**DATA TO EXAMINE**
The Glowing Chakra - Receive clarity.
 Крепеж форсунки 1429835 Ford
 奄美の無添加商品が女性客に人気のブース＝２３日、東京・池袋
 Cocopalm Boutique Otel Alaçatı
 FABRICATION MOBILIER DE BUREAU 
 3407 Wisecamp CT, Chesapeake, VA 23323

**WHAT NEEDS TO BE DONE**
Repeat the material above exactly and in full.

**TASK RESULT**
The Glowing Chakra - Receive clarity.
 Крепеж форсунки 1429835 Ford
 奄美の無添加商品が女性客に人気のブース＝２３日、東京・池袋
 Cocopalm Boutique Otel Alaçatı
 FABRICATION MOBILIER DE BUREAU 
 3407 Wisecamp CT, Chesapeake, VA 23323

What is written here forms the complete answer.